These were the conditions at 9 a.m., but as the day advanced the col area advanced with its arid heat, and this acting upon the precipitated moisture of the previous two days, resulted in the tornado which we are about to describe, and which occured at Bourke on the morning of March 21st, being one of the most terrific ever witnessed in that district. It struck the town at 10 o'clock, but could be seen approaching for some time from a north-westerly direction. It only lasted six minutes, but during that period thirty-nine points of rain fell, and several hundred pounds' worth of damage was done to houses. Chimneys, verandahs, trees, etc., suffered and general consternation prevailed. Many narrow escapes occurred, as the cyclone came across the common from the direction of Fort Bourke. The theatre was unroofed and a quantity of beams and iron was deposited in an adjoining yard. Pleasure boats on the river were sunk, and a steam-boat was considerably damaged by the falling of a large gum tree.
A comparatively small number of these storms reach the coast of Australia, and owing to the almost complete absence of observing stations, New Caledonia excepted, and the small number of vessels passing their tracks, it is usually impossible to trace their course before they reach Australia, but there seems to be no reason to doubt that they are more or less spent tropical cyclones, which reach Australia in the act of recurving. The majority reach the coast of Queensland between latitudes 20° and 26°; some farther north and south; only one has been traced from the coast inland, and then recurving there to south-east. It reached the coast in the neighbourhood of Brisbane in January 1893, passed inland over the mountains, gradually curving to south past Mudgee and Dubbo, thence curving easterly it left the mainland about latitude 35° S. Its course was marked by violent cyclonic wind and rain. Picton reported 4•76" rain. It has not been possible to present this as an example, because one of the days was a Sunday when very few observations are recorded.
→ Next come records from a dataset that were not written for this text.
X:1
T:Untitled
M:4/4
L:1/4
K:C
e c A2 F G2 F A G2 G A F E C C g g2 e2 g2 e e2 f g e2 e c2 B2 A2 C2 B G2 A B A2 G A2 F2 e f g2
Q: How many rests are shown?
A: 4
As a rule these north-east cyclones recurve at the coast line. Charts 22 and 23 show the weather conditions on March 10th and 11th, 1891.
On March 10th there was a sudden fall of pressure on the coast of Queensland, about latitude 24° (Chart 22), and an accession
of wind and sea which clearly heralded the coming storm. This was intensified on March 11th, (Chart 23) by a further fall of three-tenths of an inch, and three more isobars of the cyclone were marked on the coast south to south-east; gales prevailed in its neighbourhood with very heavy rains.
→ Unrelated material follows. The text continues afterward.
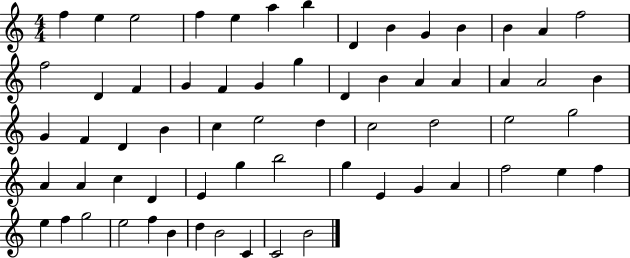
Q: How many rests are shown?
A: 0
On March 12th, (Chart 24) the anticyclone had retreated to New Zealand, and the cyclone travelled to the south along the coast intensifying as it came. The barometer curve at Brisbane was exactly of the cyclone type and dropped to 29•5. In the southern part of Queensland and northern of New South Wales heavy southerly to easterly gales were experienced. On the 13th the storm had disappeared to the eastward.
TYPE XI. SOUTH-EAST GALES.
The south-east gale here referred to is peculiar to the east coast of Australia, and it has been responsible for the most memorable wrecks on this coast. For the most part these gales appear to be partially spent cyclones, which come in from north-east or east, and travel down the coast until they begin to recurve to the eastward.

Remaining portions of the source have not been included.